DATA FOR ANALYSIS:
=-=-=

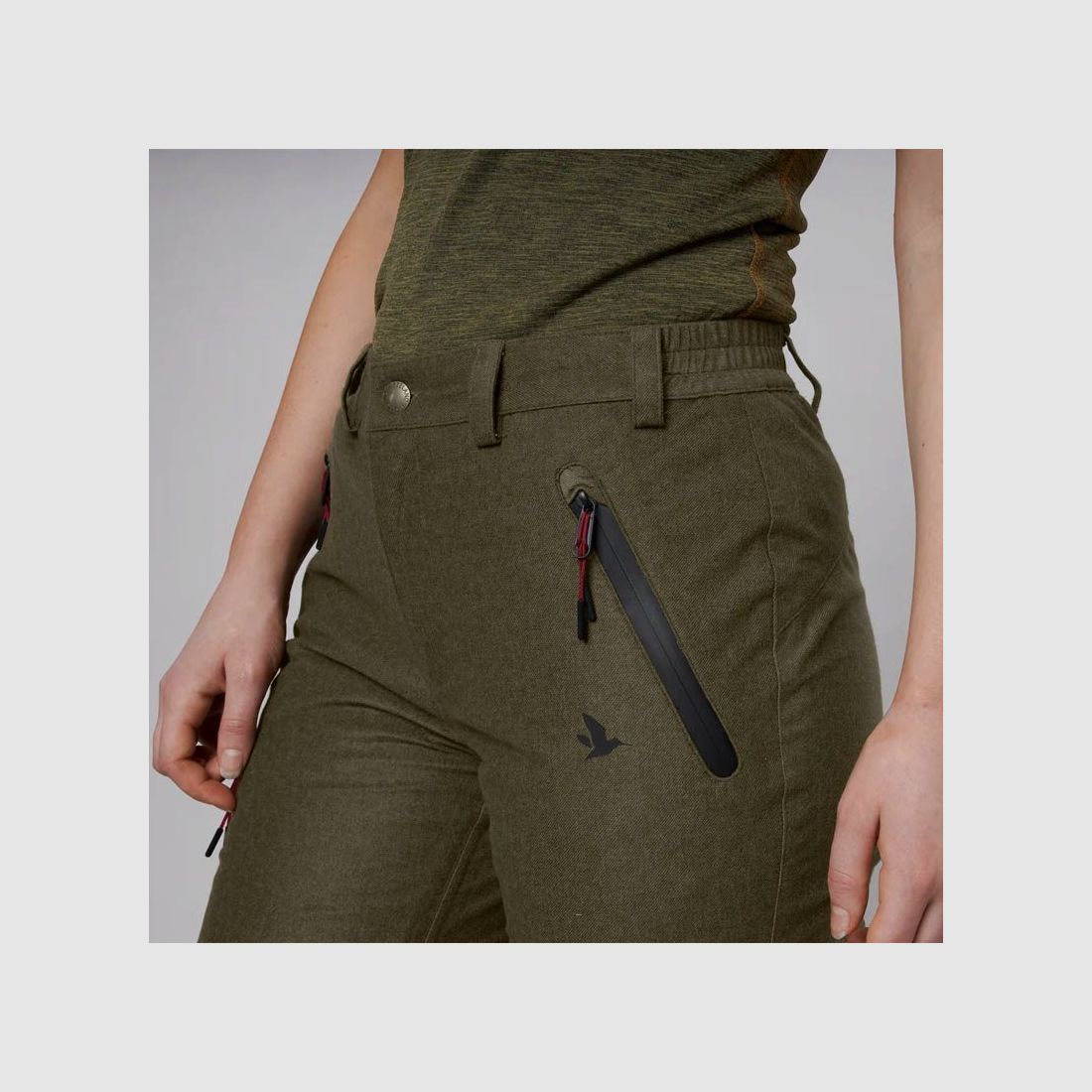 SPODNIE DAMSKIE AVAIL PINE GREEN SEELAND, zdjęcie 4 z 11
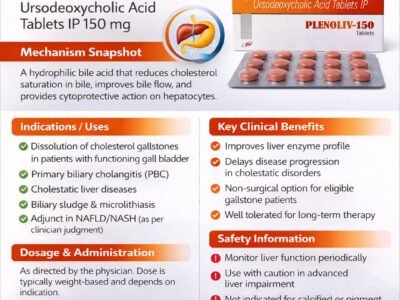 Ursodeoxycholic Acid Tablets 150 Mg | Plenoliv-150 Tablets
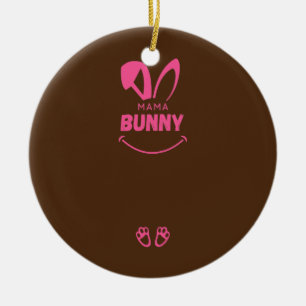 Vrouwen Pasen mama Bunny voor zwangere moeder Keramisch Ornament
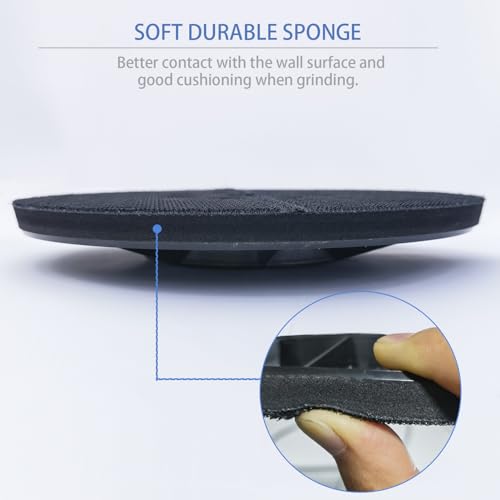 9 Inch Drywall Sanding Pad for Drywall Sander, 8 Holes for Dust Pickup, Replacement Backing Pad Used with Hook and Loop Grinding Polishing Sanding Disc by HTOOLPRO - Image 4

=-=-=

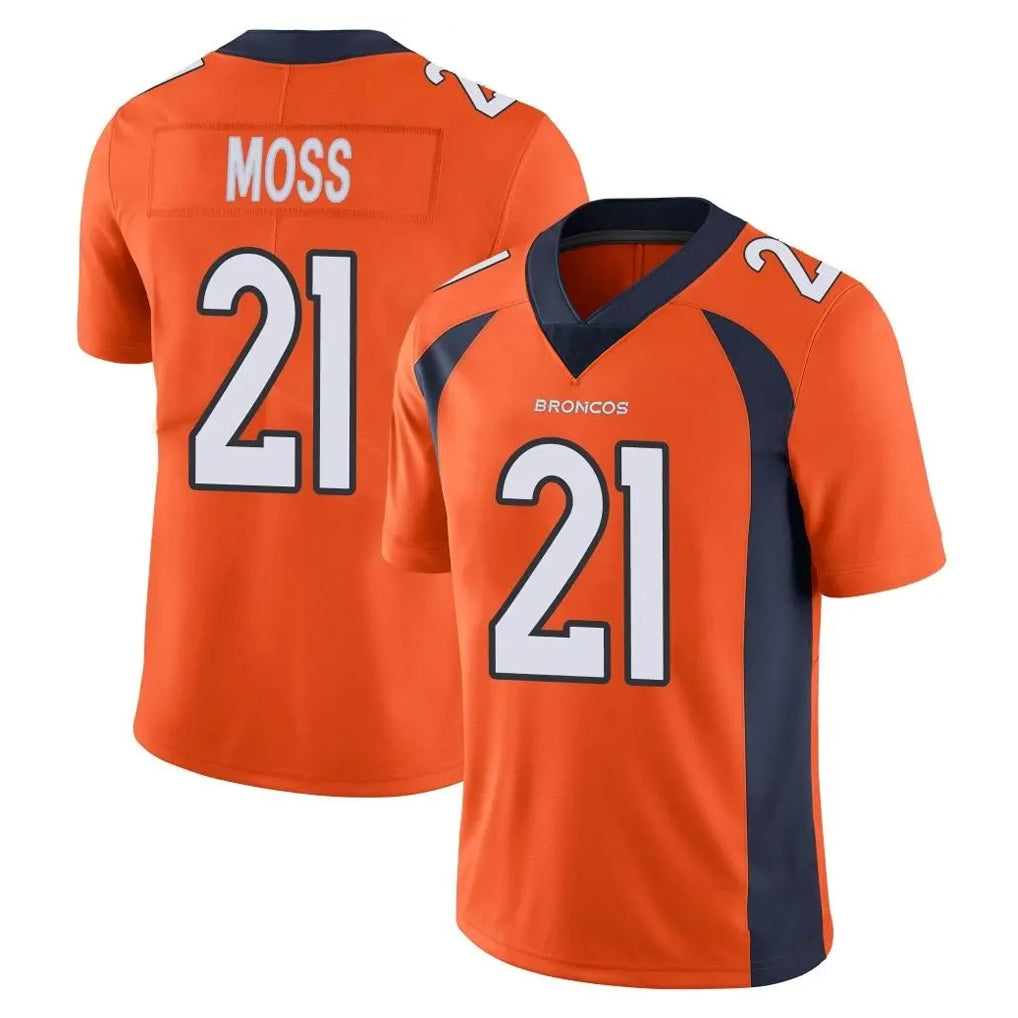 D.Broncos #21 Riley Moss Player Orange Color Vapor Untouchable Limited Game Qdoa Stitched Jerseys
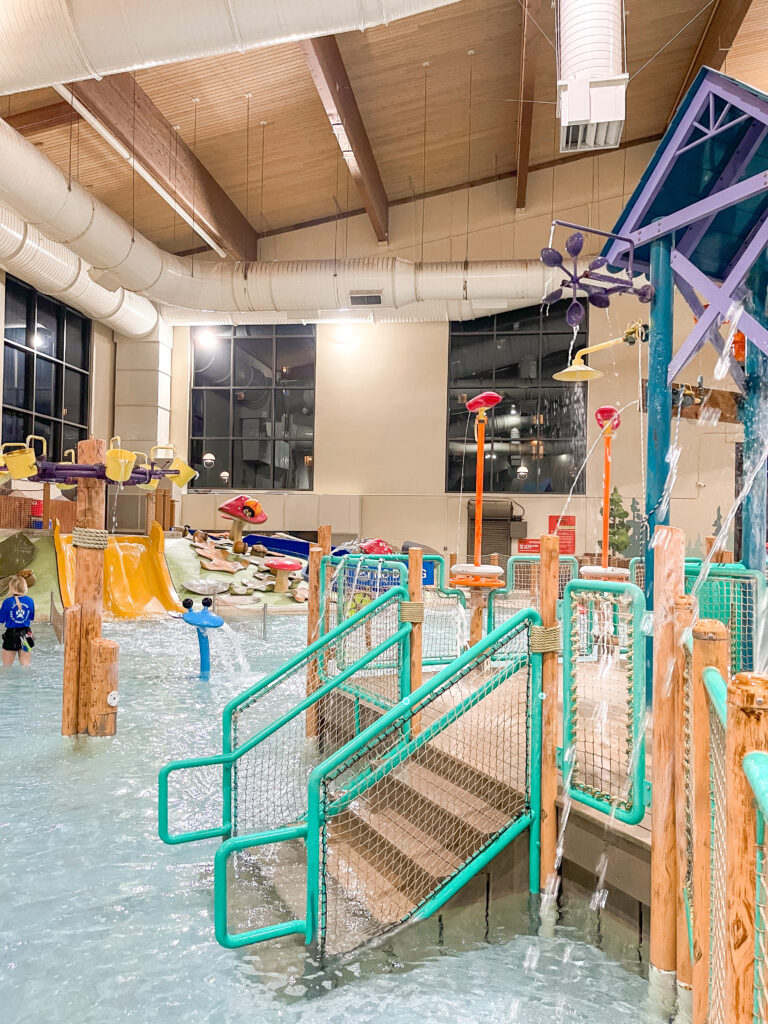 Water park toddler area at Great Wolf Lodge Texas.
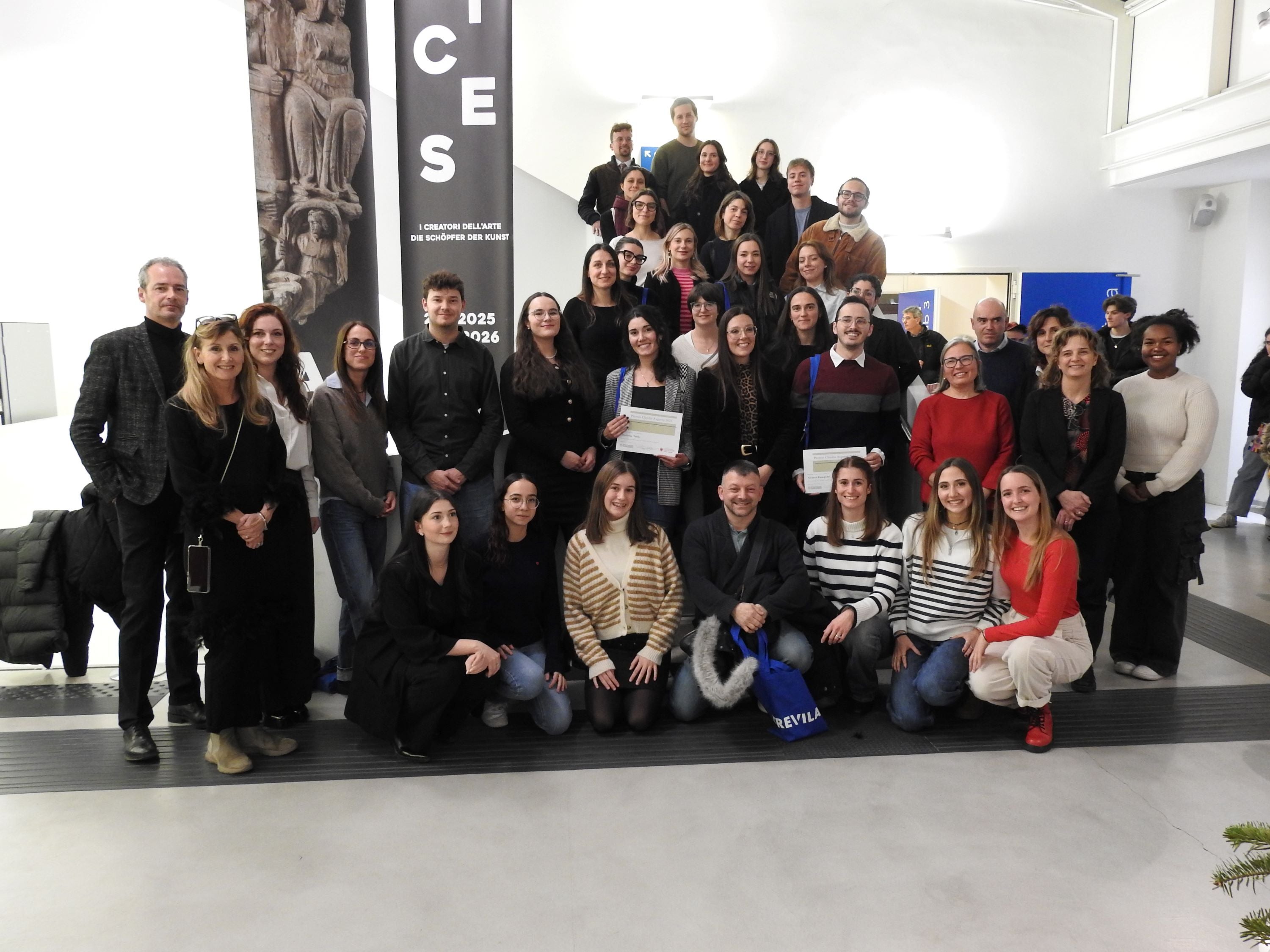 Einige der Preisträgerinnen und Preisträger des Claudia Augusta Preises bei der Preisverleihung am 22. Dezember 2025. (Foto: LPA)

=-=-=

WHAT THIS TASK INVOLVES:
Leave the pictures out. Output, exactly, the lines of the material above starting at the line containing "Ursodeoxycholic Acid Tablets" and ending at the line containing "9 Inch Drywall".

RESULT:
 Ursodeoxycholic Acid Tablets 150 Mg | Plenoliv-150 Tablets
 Vrouwen Pasen mama Bunny voor zwangere moeder Keramisch Ornament
 9 Inch Drywall Sanding Pad for Drywall Sander, 8 Holes for Dust Pickup, Replacement Backing Pad Used with Hook and Loop Grinding Polishing Sanding Disc by HTOOLPRO - Image 4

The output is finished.